Ke(tidak)arifan Elite Bangsa
ILUSTRASI Ke(tidak)arifan Elite Bangsa. Gus Miftah sebagai elite bangsa dianggap mengolok-olok Sunhaji sang penjual es teh.-Maulana Pamuji Gusti-Harian Disway-
Mereka seharusnya menjadi mata air kesejukan di tengah gersangnya dan mulai memudarnya rasa persaudaraan dan saling menghargai di antara berbagai kelompok masyarakat.
Pertanyaannya, mengapa elite kita begitu mudah menjadi ”biang kerok” kegaduhan. Beberapa hal bisa jadi menjadi penyebab persoalan itu. Pertama, mereka tidak belajar pada sejarah. Presiden Soekarno sudah mengingatkan kita agar jangan meninggalkan sejarah atau ”jasmerah”.
Ungkapan Bung Karno itu bukan sekadar slogan untuk membangkitan semangat. Melainkan, sesungguhnya bermakna perlunya kita belajar dari apa yang sudah pernah terjadi di masa lalu. Jika tidak, kita tidak ubahnya seperti keledai yang jatuh dua kali di lubang yang sama.
Kedua, melunturnya kepekaan nurani. Banyak yang mengatakan bahwa banyaknya kasus ”pelecehan” terhadap kelompok-kelompok masyarakat tertentu yang kebetulan nasibnya tidak sebaik para elite disebabkan tidak mengertinya para elite tentang sosiologi agama.
Saya pikir persoalannya bukan pada pengetahuan agama tersebut. Kurang paham agama apalagi bagi Miftah yang seorang pengasuh pondok pesantren.
Kurang cerdas apa para elite tentang realitas bangsa kita yang begitu majemuk.
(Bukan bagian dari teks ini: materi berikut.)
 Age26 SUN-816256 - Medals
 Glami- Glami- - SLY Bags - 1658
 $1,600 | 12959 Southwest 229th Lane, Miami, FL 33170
Kurang tahu apa para elite tentang sebagian masyarakat yang memiliki perasaan solidaritas terhadap kaum lemah.
Kasus terakhir ini membuktikan betapa tinggi solidaritas masyarakat kepada penjual teh yang dibuktikan dengan ramainya protes para netizen. Dengan demikian, persoalannya bukan pada pengetahun, melainkan pada kepekaan atas nasib sebagian anak bangsa yang ”kurang beruntung”.
Ketiga, guyonan saat memberikan ceramah untuk menghidupkan suasana agar jamaah tidak mengantuk adalah sah-sah saja. Akan tetapi, jika guyonan tersebut harus dilakukan secara arif dan bijaksana.
Tidaklah elok jika di tengah suasana berbangsa dan bermasyarakat kita yang rentan terhadap berbagai isu, kita mengungkapkan hal-hal yang ”mencederai” perasaan sebagian masyarakat.
PEMAAFAN
Miftah memang sudah minta maaf secara langsung kepada Sunhaji. Disusul pengunduran dirinya.
Sebagai bangsa yang beradab, sudah seharusnya permintaan maaf tersebut diterima dengan baik. Peristiwa yang kali kesekian itu semoga tidak terus berulang. Permintaan maaf yang tulus adalah jalan penyelesaian yang arif.
Kasus itu semestinya menjadi pelajaran yang sangat berharga tidak cuma untuk Miftah, tetapi kepada semua elemen bangsa bahwa ada sikap dan ungkapan kita yang bisa jadi mencederai perasaan orang dan kelompok lain.
Peristiwa tersebut juga sekali lagi membuktikan kedahsyatan media sosial. Media sosial menjadi kekuatan pengubah yang tidak dapat dianggap remeh. Ia dapat menggerakkan dan memobilisasi massa (netizen) untuk menghukum orang yang dianggap melakukan pelanggaran.
Begitu banyak persoalan bangsa yang membutuhkan energi kita. Terlalu sayang jika energi kita terbuang hanya untuk mengurusi olok-olok, penghinaan, dan lain-lain.